Rims are marked "ARAYA 27X11/4w/c HP". The brakes are center-pull and appear to have the ARAYA mark, but no name.The saddle is brown leather rivited with no apparent markings. The brake levers look like dia-comp but are un-marked. Other than the handle-bars and rims most of the components look to be pretty decent quality.
I have not been able to locate another "Formula 1" C.C.M. I would like to know if these bikes are rare? I do live in the U.S. so I know they are rare here.
Probably not (but, perhaps, my response will prompt someone else to chime in) ...

The components you described are rather pedestrian ... if they are original to the bike, then they suggest a bike sold in the early 70s, or late 60s. The components you describe were commonly found on low-to-mid range bikes, so that suggests that thousands of the C.C.M. Forumula 1 were probably produced.

What crankset does the bike have? A cottered crankset OR a cotterless crankset? If the latter, what brand?

If the components had been of a "higher" grade (e.g., Campagnolo OR high-zoot Huret or Simplex or ______), then it might suggest a more limited production bike.

Nonetheless, 100+ years from now, if the bike survives, it could become rare -- or, at least, a rarity -- so, don't count on re-selling it to pay for tuition, the rent/mortgage, or a car payment any time in the near future.

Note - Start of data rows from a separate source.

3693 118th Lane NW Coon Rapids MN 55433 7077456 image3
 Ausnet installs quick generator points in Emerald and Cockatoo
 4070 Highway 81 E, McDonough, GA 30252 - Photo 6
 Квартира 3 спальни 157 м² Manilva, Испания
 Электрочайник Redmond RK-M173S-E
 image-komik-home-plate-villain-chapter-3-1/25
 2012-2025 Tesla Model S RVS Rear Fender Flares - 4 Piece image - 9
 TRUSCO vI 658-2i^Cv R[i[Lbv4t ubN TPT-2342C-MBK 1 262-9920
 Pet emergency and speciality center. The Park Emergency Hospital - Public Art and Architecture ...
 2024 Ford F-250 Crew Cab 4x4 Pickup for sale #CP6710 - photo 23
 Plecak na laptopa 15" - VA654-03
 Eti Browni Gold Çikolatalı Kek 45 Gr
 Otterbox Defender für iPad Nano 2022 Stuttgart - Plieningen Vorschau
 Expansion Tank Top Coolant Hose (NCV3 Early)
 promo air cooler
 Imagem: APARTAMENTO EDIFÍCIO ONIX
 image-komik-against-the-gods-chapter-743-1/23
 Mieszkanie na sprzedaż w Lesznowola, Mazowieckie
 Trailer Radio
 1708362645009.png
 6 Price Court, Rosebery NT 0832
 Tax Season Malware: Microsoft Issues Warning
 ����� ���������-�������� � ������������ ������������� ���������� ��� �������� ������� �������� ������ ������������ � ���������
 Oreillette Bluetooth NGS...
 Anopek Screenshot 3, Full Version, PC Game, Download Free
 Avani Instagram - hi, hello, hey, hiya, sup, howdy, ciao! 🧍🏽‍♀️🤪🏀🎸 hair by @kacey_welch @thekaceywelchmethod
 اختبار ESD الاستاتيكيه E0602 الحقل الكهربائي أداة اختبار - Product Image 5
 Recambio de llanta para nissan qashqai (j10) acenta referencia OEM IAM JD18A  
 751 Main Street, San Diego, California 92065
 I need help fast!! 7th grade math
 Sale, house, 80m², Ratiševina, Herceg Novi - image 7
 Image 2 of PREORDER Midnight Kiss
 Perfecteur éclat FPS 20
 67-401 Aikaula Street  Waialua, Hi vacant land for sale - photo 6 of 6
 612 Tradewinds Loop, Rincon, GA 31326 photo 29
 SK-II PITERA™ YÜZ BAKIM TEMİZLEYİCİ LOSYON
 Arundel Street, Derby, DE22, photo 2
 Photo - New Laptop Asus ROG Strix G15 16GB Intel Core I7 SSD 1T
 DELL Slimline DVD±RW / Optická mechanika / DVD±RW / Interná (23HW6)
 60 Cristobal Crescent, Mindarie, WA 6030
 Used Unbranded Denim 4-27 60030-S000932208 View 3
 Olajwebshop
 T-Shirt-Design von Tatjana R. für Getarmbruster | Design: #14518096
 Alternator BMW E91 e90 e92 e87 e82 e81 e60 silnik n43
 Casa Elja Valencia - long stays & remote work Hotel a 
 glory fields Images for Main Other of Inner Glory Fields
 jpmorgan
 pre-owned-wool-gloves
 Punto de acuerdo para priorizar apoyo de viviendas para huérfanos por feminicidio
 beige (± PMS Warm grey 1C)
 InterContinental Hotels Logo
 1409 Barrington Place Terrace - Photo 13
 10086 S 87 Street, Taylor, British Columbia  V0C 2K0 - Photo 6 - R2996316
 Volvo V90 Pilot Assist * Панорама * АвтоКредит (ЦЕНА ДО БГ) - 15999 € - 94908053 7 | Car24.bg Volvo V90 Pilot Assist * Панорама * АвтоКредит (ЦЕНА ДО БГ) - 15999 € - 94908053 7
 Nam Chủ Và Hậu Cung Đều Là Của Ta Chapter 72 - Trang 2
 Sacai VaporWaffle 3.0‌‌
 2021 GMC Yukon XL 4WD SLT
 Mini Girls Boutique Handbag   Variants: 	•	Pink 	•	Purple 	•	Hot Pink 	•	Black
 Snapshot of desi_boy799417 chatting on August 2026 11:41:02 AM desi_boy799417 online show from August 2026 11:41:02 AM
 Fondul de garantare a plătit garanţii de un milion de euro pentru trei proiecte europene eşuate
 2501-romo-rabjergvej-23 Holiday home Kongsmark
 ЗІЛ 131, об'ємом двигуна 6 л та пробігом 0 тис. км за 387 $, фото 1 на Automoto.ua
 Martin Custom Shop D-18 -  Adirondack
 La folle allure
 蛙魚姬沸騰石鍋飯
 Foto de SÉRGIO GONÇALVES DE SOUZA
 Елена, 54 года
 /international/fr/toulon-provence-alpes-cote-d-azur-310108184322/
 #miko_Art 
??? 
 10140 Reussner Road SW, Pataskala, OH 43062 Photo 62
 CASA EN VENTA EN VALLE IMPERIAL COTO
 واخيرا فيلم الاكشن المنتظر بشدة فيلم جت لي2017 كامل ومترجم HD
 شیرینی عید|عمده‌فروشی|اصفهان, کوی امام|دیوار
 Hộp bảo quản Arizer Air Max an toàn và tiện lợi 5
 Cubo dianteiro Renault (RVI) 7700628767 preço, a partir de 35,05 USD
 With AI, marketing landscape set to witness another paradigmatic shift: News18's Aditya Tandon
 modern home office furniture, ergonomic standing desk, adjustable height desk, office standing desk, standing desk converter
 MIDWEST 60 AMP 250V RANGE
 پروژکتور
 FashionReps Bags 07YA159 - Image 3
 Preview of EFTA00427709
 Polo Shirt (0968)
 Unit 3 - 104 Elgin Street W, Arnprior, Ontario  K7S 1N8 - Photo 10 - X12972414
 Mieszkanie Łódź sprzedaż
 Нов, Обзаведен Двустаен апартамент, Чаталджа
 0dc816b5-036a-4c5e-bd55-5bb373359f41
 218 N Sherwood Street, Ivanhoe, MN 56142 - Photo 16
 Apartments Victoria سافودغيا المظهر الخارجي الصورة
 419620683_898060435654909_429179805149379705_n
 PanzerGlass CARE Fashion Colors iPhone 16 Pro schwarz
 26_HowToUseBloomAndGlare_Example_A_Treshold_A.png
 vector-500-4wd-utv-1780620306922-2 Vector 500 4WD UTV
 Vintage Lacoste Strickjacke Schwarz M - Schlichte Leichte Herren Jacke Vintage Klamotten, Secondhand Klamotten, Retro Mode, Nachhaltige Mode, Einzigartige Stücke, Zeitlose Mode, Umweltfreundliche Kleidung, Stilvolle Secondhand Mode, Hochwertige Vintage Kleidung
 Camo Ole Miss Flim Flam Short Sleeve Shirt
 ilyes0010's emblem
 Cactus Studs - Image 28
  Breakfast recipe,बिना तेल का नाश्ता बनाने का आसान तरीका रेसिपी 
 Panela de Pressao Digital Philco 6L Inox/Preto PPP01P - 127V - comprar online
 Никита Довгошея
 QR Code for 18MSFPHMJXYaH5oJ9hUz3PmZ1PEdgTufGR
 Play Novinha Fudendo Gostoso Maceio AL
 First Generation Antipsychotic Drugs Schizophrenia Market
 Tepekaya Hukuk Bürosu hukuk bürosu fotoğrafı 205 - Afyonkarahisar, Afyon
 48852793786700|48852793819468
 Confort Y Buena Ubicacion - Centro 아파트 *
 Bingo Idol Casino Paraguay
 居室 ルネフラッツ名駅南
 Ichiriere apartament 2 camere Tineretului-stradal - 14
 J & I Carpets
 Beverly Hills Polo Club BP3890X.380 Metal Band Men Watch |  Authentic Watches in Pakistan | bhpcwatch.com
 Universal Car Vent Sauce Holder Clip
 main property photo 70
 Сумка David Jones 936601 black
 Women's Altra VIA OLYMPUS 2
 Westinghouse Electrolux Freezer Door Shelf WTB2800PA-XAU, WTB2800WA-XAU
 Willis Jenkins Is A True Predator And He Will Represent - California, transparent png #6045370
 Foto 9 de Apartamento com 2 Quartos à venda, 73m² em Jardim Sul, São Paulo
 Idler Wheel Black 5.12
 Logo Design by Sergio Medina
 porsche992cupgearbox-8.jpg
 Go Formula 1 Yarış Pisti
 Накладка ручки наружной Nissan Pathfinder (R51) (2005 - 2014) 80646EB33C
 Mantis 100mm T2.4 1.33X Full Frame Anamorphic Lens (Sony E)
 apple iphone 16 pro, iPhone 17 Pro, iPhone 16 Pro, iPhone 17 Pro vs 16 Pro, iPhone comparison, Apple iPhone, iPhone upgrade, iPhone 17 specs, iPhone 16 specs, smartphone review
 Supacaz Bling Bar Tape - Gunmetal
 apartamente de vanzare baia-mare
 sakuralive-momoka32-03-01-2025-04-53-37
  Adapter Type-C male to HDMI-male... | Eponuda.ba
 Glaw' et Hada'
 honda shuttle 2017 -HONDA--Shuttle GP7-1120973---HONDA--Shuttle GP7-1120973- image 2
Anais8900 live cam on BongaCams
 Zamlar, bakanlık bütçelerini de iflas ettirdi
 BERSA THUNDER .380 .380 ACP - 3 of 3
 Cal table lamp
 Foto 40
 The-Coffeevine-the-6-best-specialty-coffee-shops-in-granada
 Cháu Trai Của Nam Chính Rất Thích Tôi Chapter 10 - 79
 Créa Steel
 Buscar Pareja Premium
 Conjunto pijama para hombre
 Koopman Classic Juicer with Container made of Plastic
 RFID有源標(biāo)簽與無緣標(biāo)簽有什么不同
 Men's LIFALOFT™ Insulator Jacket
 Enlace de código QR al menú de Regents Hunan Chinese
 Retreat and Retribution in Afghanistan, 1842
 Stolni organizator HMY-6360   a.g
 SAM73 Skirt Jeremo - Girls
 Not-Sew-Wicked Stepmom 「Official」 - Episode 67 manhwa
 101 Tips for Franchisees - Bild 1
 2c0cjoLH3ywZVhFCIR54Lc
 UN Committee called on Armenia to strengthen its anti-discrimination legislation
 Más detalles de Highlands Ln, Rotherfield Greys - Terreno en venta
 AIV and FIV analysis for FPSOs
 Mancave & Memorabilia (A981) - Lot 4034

BUT, having said all of that, it is probably a pretty nice frame that can be easily updated with contemporary components OR the bike can be ridden, as is.

FWIW. The difference in weight between YOUR bike's steel frame & a high-zoot, modern bike is two-to-three lbs. (between 1 & 1.5 kilograms). The difference in weight between the fork on your bike & a carbon fiber fork is about a pound (1/2 kilogram). Your bike might weigh 24-to-28 lbs ... a modern bike may weigh 18-to-19 pounds (some do weigh less). If you do the arithmetic, you'll see that there has been a dramatic weight reduction in the components AND updating your bike with contemporary components & wheels will reduce the weight by about 5+ lbs if THAT matters (it does to some people [e.g., "weight weenies"]).